OK, hope I don't start a debate here, but I was at a petstore in guildford mall and the guy was telling me some stuff that I'm really not sure about.

1st- he said catfish and algae eaters do not count towards the 1 inch per gallon guidline (i realise this isnt a hard a fast rule and has lots of variables, but didn't sound right) 

2nd- he suggested I put 2 panda cory's and 1 otto or pleco in my 6 gallon tank along with the 3 guppies I have because I asked if I could add a panda cory to my smallish tank. Can I have 2 with my 3 guppies?

3rd- he said I could put a chinese algae eater in my tank but I heard they can be agressive, is that true?

I'm not ready to add anymore fish right now, so I said I would think about it.
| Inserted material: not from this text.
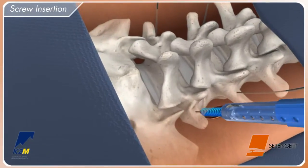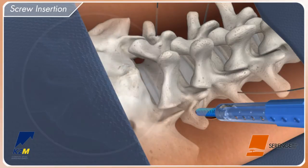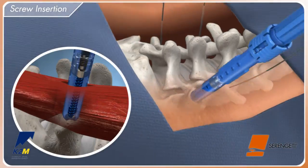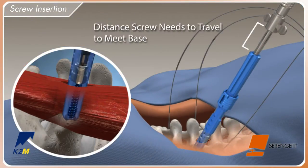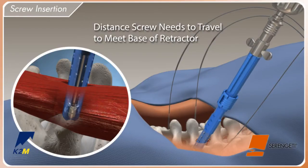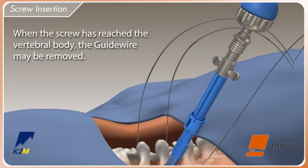Advance the Serengeti screw inserter over the guide wire. Once the screw reaches the pedicle, take a lateral x-ray to ensure the screw is co-linear with the guide wire. Push the Serengeti retractor down to the pedicle to protect the soft tissue during screw insertion. Insert the screw into the vertebral body using the external reference afforded by the blue anti-rotation sleeve to ensure the screw is not advanced too far into the bone.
It seems everyone has different ideas on the subject and since I've decided to use you folks as my source of info, could you please advise? Thanks


----------



## Diztrbd1 (Apr 21, 2010)

1st) agree that doesn't sound right, they are still fish and imo should be included in that factor and are very much part of the bio-load imo

2nd) I don't see why you couldn't put them together, I wouldn't go with a pleco in a 6gal however, maybe just 2 cory's or 2 ottos

3rd) stay away from Chinese algae eaters, they grow quick, suck at eating algae, are somewhat aggressive & when they discover how good the food you feed the rest of the fish is, will become big time competitors at feeding time & very aggressive at feeding time as well from what I have experienced with them.


----------



## Rastapus (Apr 21, 2010)

Bottom feeders and catfish can be some of the messiest fish and put a load on your system for sure. Ask the employee if you were to put a 12" pleco in your aquarium would that count?

Cory cats would be fine in that aquarium, just ensure they get enough food.

Chinese algae eaters can be extremely aggressive in smaller aquariums, Oto catfish would be a much better choice.


----------



## Tazzy_toon (Jul 25, 2011)

thanks for the advice, i'd really like to get a couple panda cory's for my tank, but first i want to get it planted properly and make sure the water quality stays good.


----------



## Luke78 (Apr 24, 2010)

Your panda cories will apreciate some plants in there as they use them for cover and to feel safe with.I would try to keep a group with three or more,much more active and they like the company.In your 6 gallon three would ok.Otocinclus are great little work horses,and do keep the house cleaning in check.As already mentioned, make sure the bottom feeders are taken care of food wise.


----------



## rescuepenguin (Apr 21, 2010)

A smaller cory might work too. You maybe able to track down some pygmy corys, or hasbrosus. The pygmys are often labeled as hastatus. I have not been breeding any this year, and don't have any available.


----------



## pistolpete (May 2, 2010)

A 6 gallon is a great size for a tank, but is actually much more difficult to maintain than a larger tank. Toxins can build up very quickly and even mild overfeeding can be disastrous. Before you add any more fish, let us know how the tank is filtered, how long it's been running, and what your water change regime is.


----------



## Tazzy_toon (Jul 25, 2011)

ok, good to know that he wasn't completely off his rocker.  I do like the lil catfish but was only going to add one, but then found out they get nervous on their own.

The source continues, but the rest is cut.